Looking purposeful but somewhat lost in the deep engine bay, the LB6 straight-six fires instantly on its modern, high-torque starter motor.
It is flexible, smooth, mildly rorty and asks that you rev it harder than seems prudent at first to overcome the high overall gearing.
I’d speculate that the Vignale body is heavier than the Feltham type – and probably a shade less rigid – but even without flogging the still-fresh engine in the well-spaced indirect gears the car is sprightly enough to be interesting.
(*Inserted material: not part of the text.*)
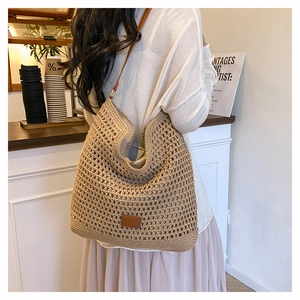 Macro detail of khaki woven mesh tote with brown leather strap and brand patch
The steering weaves a little in sympathy with the undulations of the road surface – and occasionally twitches disconcertingly when you hit the brakes – but the Aston turns in well and corners tidily, with moderate understeer on its period-correct, deep-sided and narrow tyres.
The chrome accents and the lavish details of this Aston Martin add to the sense of Stateside influence
The huge drums provide adequate stopping power, with lengthening pedal movement after a few hard stops, and while the gearchange has a satisfyingly direct, mechanical action, it is possible to grab third where you wanted first.
The brawny engine will actually tolerate this abuse on the flat without too much clutch-slip.
When it’s time for a three-point turn the high-geared steering proves heavy at low speeds (the aftermarket electric power steering wasn’t switched on), but much worse is the prospect of finding reverse gear: you need two hands to lift the shaft of the gearlever up sufficiently for it to drop in.
Another possible victim of the left-hand drive configuration is a steering-wheel position so close to the door that there is no room for your elbow to articulate fully, causing some embarrassment when compensating for the not very energetic castor return on tight corners.
Aston Workshop has done a fantastic job to rescue and restore this now-unique classic car
How the Vignale drives really doesn’t matter very much, and possibly never did.
Interesting but not innovative, pretty without being truly beautiful, its fairly swift departure from the Belgian royal fleet probably had something to do with its difficult driving position and conspicuous style.
And who, after all, wanted a ‘special’ based on outdated technology – an oddity rendered pointless by the much faster and more beautiful DB4 – in an era when only the latest and greatest really counted?
All credit to Aston Workshop for saving the Vignale, then, when it might so easily have slipped through the net.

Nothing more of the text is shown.